> _Exercise directions_
With every picture left out, give the data below back exactly.

─── Data provided

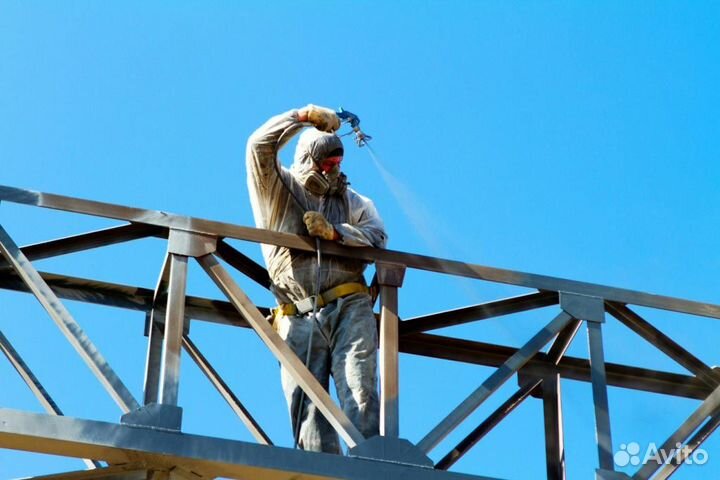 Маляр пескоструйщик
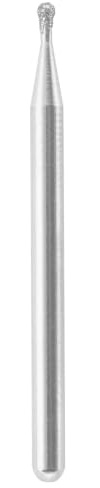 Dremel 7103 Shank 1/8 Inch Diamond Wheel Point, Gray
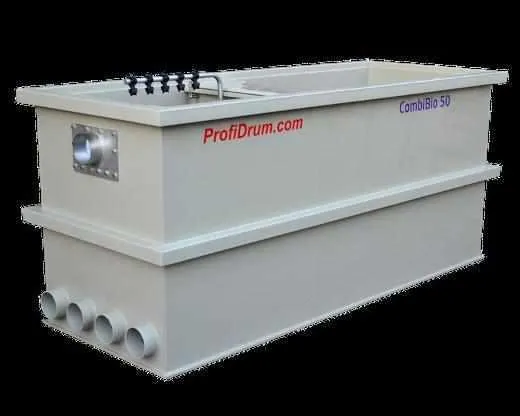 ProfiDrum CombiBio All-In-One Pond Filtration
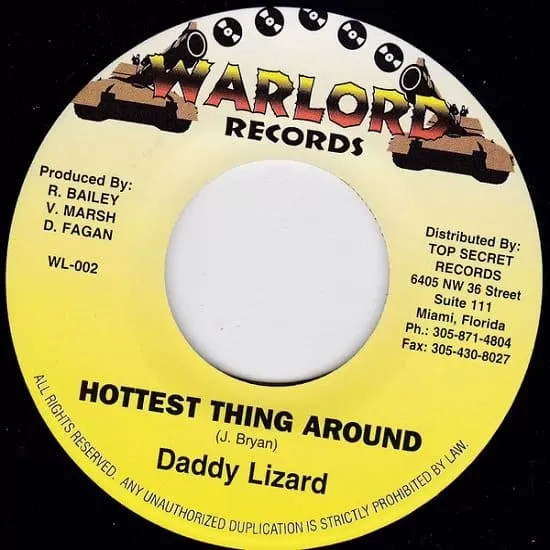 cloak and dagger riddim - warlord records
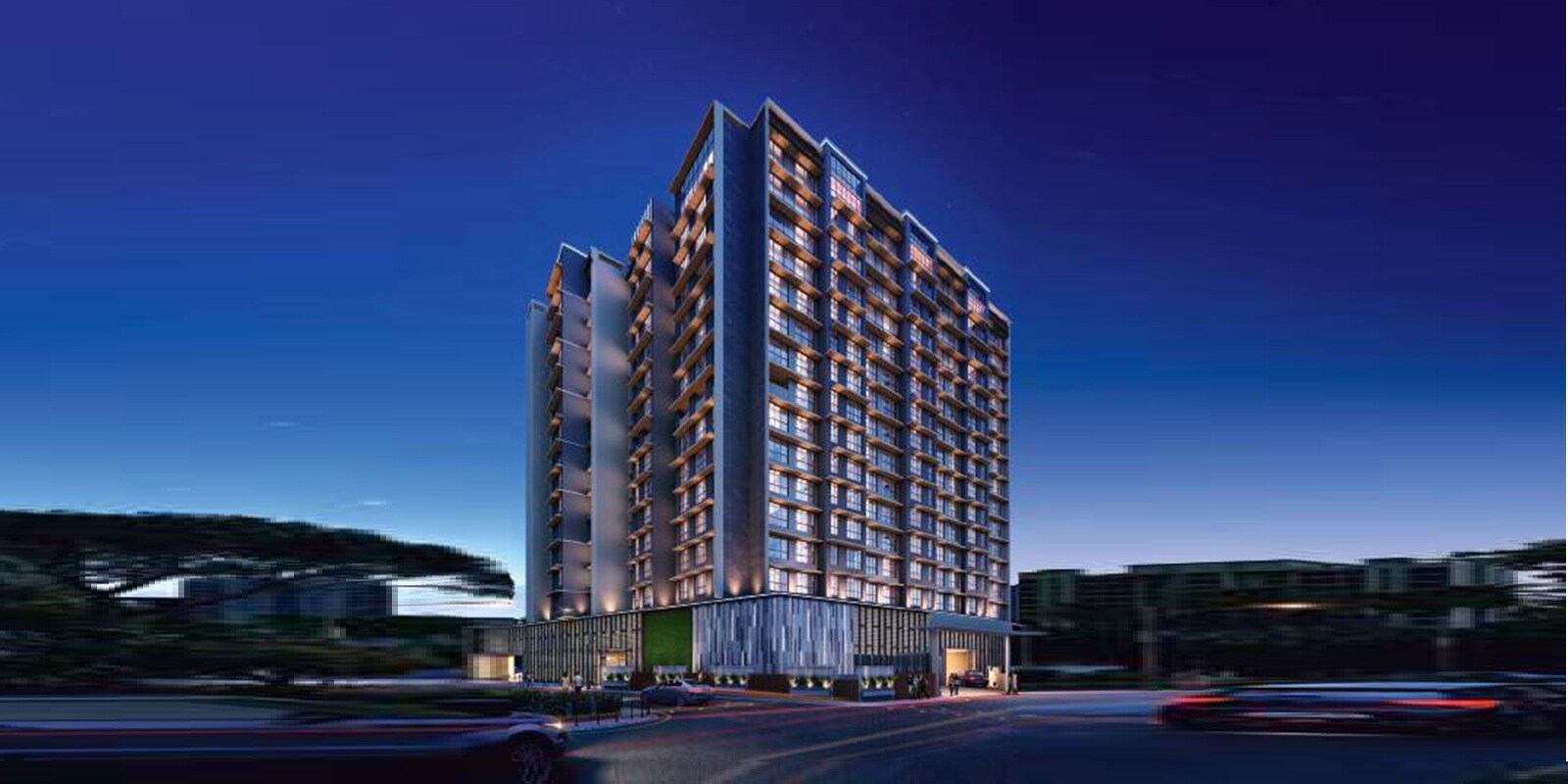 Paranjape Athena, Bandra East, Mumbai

──────

> _Result for this task_
 Маляр пескоструйщик
 Dremel 7103 Shank 1/8 Inch Diamond Wheel Point, Gray
 ProfiDrum CombiBio All-In-One Pond Filtration
 cloak and dagger riddim - warlord records
 Paranjape Athena, Bandra East, Mumbai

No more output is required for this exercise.